Web page caption snippets:
^^^^^^^^
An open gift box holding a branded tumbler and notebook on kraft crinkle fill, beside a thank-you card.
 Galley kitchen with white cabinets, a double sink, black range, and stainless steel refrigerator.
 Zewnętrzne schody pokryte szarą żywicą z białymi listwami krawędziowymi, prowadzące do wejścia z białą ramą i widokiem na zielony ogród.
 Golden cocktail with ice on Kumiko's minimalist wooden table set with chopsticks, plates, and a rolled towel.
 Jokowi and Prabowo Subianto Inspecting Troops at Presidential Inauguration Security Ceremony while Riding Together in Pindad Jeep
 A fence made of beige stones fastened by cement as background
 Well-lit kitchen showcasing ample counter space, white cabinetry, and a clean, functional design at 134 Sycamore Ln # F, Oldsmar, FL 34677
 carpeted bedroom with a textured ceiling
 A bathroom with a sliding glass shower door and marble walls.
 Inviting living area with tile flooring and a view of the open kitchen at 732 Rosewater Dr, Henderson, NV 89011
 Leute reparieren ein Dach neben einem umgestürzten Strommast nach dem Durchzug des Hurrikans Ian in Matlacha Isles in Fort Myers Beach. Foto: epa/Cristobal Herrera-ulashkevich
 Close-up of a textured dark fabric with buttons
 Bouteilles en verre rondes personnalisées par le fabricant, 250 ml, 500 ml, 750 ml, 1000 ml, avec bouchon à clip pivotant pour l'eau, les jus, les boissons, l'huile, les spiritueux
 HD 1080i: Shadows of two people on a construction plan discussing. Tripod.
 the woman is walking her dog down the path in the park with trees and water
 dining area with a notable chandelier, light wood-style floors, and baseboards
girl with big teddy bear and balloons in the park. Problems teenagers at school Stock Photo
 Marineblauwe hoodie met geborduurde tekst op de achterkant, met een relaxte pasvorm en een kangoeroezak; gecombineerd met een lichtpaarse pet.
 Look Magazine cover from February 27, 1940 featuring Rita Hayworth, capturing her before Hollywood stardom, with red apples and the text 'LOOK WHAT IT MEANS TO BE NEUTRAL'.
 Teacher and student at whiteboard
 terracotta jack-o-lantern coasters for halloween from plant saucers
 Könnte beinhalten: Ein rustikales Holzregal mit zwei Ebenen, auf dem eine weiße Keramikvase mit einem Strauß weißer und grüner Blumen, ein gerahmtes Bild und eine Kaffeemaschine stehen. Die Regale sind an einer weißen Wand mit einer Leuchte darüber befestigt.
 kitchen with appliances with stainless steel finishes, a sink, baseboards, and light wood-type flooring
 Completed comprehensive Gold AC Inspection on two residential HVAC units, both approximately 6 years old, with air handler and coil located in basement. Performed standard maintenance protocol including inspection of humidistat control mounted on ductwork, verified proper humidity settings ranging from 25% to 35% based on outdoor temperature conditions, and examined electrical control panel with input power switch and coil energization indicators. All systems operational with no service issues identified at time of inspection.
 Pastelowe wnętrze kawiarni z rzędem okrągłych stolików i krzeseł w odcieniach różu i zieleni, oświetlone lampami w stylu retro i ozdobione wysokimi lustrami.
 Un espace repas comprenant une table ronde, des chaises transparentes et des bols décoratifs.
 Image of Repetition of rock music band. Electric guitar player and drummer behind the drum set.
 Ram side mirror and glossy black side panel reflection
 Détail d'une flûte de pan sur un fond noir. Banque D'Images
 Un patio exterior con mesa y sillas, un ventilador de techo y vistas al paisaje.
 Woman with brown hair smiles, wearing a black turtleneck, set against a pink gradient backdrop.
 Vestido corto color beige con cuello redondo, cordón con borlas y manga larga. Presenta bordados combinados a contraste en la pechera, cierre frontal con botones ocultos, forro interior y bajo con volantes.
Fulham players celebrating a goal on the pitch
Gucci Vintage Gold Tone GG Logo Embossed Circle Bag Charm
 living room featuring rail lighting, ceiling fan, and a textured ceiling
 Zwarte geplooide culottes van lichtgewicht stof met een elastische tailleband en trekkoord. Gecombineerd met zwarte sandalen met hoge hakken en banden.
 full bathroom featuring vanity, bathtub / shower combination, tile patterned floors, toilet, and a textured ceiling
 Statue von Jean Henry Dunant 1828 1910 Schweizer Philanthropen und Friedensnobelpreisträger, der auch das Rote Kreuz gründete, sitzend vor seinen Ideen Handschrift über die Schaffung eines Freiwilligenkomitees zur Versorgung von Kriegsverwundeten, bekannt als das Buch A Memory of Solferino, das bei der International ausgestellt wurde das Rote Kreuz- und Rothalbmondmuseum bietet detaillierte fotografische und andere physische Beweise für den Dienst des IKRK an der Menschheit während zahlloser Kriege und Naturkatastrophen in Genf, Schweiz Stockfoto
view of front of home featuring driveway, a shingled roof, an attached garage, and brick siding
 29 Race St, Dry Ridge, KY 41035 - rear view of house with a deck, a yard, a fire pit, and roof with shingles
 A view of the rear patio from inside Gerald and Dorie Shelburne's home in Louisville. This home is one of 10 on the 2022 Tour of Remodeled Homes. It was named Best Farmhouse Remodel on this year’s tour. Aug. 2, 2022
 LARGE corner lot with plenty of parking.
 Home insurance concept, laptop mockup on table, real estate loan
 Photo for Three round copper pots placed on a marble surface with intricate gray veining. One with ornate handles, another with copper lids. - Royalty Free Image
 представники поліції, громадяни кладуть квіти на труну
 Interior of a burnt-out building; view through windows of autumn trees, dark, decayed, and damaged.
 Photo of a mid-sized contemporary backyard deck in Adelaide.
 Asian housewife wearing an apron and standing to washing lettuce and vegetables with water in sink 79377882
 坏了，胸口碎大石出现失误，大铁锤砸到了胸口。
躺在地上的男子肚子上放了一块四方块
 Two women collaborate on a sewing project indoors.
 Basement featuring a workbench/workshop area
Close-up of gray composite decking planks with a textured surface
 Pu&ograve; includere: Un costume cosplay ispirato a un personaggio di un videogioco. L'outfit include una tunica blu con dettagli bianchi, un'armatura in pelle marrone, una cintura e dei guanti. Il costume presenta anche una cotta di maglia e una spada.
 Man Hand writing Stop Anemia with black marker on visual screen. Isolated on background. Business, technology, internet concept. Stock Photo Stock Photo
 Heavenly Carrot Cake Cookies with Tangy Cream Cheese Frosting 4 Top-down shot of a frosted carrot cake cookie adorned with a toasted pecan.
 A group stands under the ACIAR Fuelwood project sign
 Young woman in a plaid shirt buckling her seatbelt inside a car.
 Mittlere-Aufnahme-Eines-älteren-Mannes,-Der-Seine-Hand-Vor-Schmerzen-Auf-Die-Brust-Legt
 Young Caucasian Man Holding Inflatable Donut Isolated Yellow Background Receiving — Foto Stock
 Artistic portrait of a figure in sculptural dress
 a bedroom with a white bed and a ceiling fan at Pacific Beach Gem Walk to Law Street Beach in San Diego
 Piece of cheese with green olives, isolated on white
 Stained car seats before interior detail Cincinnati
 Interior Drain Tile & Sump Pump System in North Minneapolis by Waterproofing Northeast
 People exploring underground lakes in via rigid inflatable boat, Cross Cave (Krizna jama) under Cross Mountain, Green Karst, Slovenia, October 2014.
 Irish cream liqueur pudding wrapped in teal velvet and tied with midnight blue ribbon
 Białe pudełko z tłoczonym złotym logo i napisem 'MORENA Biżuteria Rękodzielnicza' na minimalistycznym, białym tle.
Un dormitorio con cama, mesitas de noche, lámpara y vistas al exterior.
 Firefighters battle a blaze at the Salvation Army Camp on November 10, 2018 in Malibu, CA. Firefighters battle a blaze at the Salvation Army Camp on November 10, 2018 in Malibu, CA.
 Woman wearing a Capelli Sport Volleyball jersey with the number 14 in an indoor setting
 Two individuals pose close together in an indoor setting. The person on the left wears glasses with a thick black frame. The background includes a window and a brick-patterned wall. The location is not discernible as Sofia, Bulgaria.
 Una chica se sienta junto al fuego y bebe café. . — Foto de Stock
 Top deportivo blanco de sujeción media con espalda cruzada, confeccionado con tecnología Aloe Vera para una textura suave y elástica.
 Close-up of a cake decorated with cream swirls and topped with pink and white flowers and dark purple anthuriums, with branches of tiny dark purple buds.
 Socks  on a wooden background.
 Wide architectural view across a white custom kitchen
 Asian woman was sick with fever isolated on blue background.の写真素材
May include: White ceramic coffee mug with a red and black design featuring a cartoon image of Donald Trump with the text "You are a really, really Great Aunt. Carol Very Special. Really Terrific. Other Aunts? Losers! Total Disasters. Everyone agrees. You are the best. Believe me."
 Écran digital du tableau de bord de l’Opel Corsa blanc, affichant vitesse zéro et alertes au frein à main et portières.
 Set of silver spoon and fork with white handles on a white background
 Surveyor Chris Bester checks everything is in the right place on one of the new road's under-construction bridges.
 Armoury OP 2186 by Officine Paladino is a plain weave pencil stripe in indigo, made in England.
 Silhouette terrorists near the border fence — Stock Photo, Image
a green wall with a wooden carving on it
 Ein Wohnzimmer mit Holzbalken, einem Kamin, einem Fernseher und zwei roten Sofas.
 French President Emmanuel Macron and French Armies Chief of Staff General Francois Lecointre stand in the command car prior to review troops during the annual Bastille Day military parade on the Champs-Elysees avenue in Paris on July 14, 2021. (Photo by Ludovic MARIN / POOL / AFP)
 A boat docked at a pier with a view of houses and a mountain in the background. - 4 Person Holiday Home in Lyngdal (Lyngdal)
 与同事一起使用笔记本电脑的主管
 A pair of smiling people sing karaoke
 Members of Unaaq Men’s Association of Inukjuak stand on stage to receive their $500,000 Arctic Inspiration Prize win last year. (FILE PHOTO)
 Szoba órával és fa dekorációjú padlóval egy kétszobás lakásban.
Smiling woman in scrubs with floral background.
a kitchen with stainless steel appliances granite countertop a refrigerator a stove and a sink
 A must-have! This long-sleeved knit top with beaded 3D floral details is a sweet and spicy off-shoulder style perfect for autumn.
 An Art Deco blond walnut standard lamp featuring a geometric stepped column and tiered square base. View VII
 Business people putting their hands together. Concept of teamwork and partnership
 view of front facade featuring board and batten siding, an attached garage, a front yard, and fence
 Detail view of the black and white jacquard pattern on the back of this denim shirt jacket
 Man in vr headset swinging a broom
^^^^^^^^
_Task brief_
Only one stretch of the records above is wanted: the lines between the one holding "Members of Unaaq" and the one holding "A must-have! This", inclusive, reproduced exactly.

_Written reply_
 Members of Unaaq Men’s Association of Inukjuak stand on stage to receive their $500,000 Arctic Inspiration Prize win last year. (FILE PHOTO)
 Szoba órával és fa dekorációjú padlóval egy kétszobás lakásban.
Smiling woman in scrubs with floral background.
a kitchen with stainless steel appliances granite countertop a refrigerator a stove and a sink
 A must-have! This long-sleeved knit top with beaded 3D floral details is a sweet and spicy off-shoulder style perfect for autumn.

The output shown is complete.